Aéronautique - L'industrie française des équipements aérospatiaux - Bientôt le Super Étendard - Le Falcon 10 sur piste en herbe - L'utilisation militaire du Boeing 747 - La simulation de combat en France
L’industrie française des équipements aérospatiaux
Le Groupe des équipements de l’Union syndicale des industries aéronautiques et spatiales (USIAS) réunit quelque 120 sociétés dont une vingtaine consacrent l’essentiel de leur activité au secteur aérospatial. Les effectifs qui se répartissent géographiquement entre 2/3 pour la région parisienne et 1/3 pour la province, sont de l’ordre de 23 000 personnes, ce qui représente à peu près le quart des effectifs globaux de l’industrie aéronautique. Le chiffre d’affaires de la profession s’est élevé en 1973 à 2,5 milliards de francs (Télécommunications non comprises).

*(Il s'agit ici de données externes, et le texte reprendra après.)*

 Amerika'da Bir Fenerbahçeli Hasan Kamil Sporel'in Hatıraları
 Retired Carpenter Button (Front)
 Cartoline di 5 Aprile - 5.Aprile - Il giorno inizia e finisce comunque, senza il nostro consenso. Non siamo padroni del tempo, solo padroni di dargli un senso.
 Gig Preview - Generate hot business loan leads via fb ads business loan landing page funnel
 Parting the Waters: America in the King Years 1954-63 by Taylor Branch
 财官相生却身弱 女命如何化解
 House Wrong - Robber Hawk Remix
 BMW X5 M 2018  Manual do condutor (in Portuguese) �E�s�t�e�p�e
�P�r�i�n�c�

Si l’on se reporte aux hypothèses envisagées, on espérait vers les années 1974-1975 un accroissement des fabrications civiles et l’on pensait voir diminuer l’activité du secteur militaire. Or, ces pronostics ont été bouleversés. Certes, des équipements civils ont été réalisés mais plutôt en prototypes qu’en série alors que les fabrications militaires ont été poursuivies.
Ainsi l’année 1973 a permis d’enregistrer d’importantes commandes pour l’étranger (près de 5,4 MdF), en majorité militaires, mais les opérations sont davantage ponctuelles que générales. Les fabricants d’équipements espèrent que des avions comme le F1, trouveront les débouchés que méritent leurs grandes qualités.
Malgré l’absence de données précises, une étude de prévisions portant sur cinq années (1973-1977) a été dernièrement menée à bien par le Groupe des équipements et il semble, en dépit de la diminution des cadences de fabrication d’avions civils qui devrait être compensée par les hélicoptères, les engins et les séries militaires, que la profession des équipements puisse conserver pendant cette période la même activité en heures productives et en personnel. C’est en cela que l’on peut parler de relative neutralité de la situation des équipements.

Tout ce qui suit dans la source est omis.